Basically I would be suspicious of the latter candidate, and I think that
most voters would share this sentiment. If so, then such a candidate
wouldn't stand a chance in a Condorcet election.

>IRV provides a better balance between the competing values of being
>representative of substantial numbers of voters and of having broad
>appeal. IRV encourages candidates to distinguish themselves and to have
>sufficient boldness to win many first-choice rankings, but it also
>encourages candidates to reach out to supporters of other candidates and
>avoid vilifying them in overly negative attacks. This is a desirable
>incentive package. 
>A voting system does not just select winners. A voting system shapes the
>nature of political debate, and largely dictates how well informed most
>voters are able to be.
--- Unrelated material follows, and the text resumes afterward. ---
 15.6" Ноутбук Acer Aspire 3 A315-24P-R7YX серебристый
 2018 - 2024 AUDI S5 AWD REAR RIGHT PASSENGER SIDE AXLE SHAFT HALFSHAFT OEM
An inoffensive candidate who studiously avoids
>taking any controversial stands, but simply campaigns by projecting an
>image of being friendly and honest can be everybody's acceptable
>compromise and win with Condorcet even if nobody considered him/her the
>best candidate. While plurality voting over-values the ability to be a
>voter's first choice, Condorcet overvalues the value of ability to avoid
>being voters' last choice. IRV provides a compromise by giving
>appropriate weight to both values. 

	I have two objections to the 'strong support versus broad support'
argument. The simplest is that it is theoretically possible for a
candidate to be a Condorcet winner as well as having the most first choice
votes, and yet to lose in IRV. For example:

17%: far right > right > center > left > far left
18%: right > center > far right > left > far left
16%: center > right > left > far right > far left
16%: center > left > right > far left > far right
17%: left > center > far left > right > far right
16%: far left > left > center > right > far right

	So the first choice votes are as below, and subsequent choices never skip
a place on the spectrum.
far left		left		center		right		far right
16		17		32		18		17
	In this example the center candidate is the first choice of by far the
most voters, wins all of his pairwise comparisons with great ease, and yet
'right' is the winner in IRV.
	This is something of a side point though, as your assertion that IRV
places more importance on first choice votes than Condorcet is generally
correct.
	My deeper argument against the 'strong support versus broad support'
argument does not rely on such examples at all, but rather questions
whether a first choice vote necessarily indicates 'strong support', or a
second choice vote necessarily indicates 'weak support'. My belief is that
such assertions simply cannot be made, as there is no inherent utility
value or emotional value to the different ordinal places on a ballot.
Instead, I believe that the position of one candidate on a ballot only
derives significance from its relation to the position of other
candidates. This is why I believe that the pairwise count method is
indispensable. Over the summer I wrote a brief essay which attempts to
drive this point home. The writing could use an overhaul, but nevertheless
in case you're curious the essay can be found in its current form at

http://fc.antioch.edu/~jarmyta@antioch-college.edu/voting_methods/value_of_first_choice.htm

	In closing, I'll say that I imagine Condorcet to have been something of a
hero, a genius with a good heart who was killed by the Jacobins because he
was forthright about his beliefs and cared more about truth and social
progress than about making the right move politically. I would like to
honor his memory by treating his ideas with the respect they deserve, and
I look forward to a time when society will be ready for them.